Monday, September 12, 2011

Dehumanization 101



“Don’t eat anything with a face!”

That’s a slogan meant to encourage all of us to adopt a vegetarian lifestyle.  It does so by “humanizing” food.  The idea is that if our food takes on human characteristics, we lose our desire to eat it, much less kill it.

This type of appeal is emotional, and comes at us from different directions.  We see it in the politics of capital punishment.  Those against capital punishment humanize the individuals who are facing this legal sanction.  The opposing side dehumanizes them.

Dehumanization is usually a precursor to violence. Yesterday’s commemoration of the events of September 11, 2001 reminds us that people can be motivated to turn airliners into killing machines.  Once a political adversary no longer perceives us as human, the moral issues associated with killing evaporate.

Luckily, dehumanization on a grand scale doesn’t happen often.  When it surfaced in Germany in the latter part of the 1930s, it was devastating.  But, thankfully, that couldn’t happen in the 21st century, could it?

Perhaps we should note the dehumanization that is alive in our anti-Republican culture.  Here, dehumanization is used as a tool of political power.  Keith Olbermann characterizes Republicans as being ghouls and sub-human.  Maxine Waters believes Republicans should go straight to hell. Richard Trumka and James Hoffa want Republicans taken out.  Steve Cohen sees Republicans as worse than Nazis.

And now the dehumanization has become entertainment.  StarvingEyes Advergaming brings us “Tea Party Zombies Must Die.”  It features (You guessed it!) Sarah Palin and other Republicans as targets to be killed.

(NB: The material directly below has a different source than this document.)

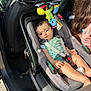 Amir participe au concours pour gagner de l'argent avec cette photo : baby, car_seat, child, car_interior, seatbelt, plush_toy, sunlight, vehicle, window, person, hair, clothing, seat, safety, restraint, road_trip, young_child, casual, family, side_view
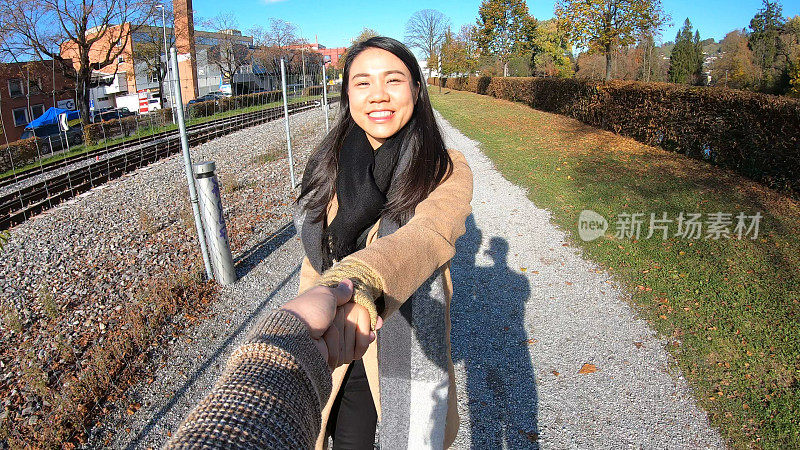 在瑞士Thun，一对浪漫的情侣手牵着手拍照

It is hard to imagine, but our culture now legitimizes the proxy-killing of Republicans as sport.

And this is ok, don’t you see, because Republicans are really just a bunch of Zombies.

UPDATE 9/14/2011:
Glenn Reynolds at Instapundit directs us to the Comments section of this post from The Hill.  In America our culture makes it comfortable for us to publicly declare, "The only good Republican is a dead one."

UPDATE 9/16/2011:
Molly Ball at Politico has an article on recent attention directed toward Sarah Palin. A soon-to-be-released book by Joe McGinniss delivers a variation on the dehumanization theme. Mr. McGinniss advances the notion that a Republican leader who exhibits human traits is "scandalous" and therefore must be banished from the public square.

The extent to which our culture legitimizes Mr. McGinniss's narrative and promotes his double standard makes this story worth watching.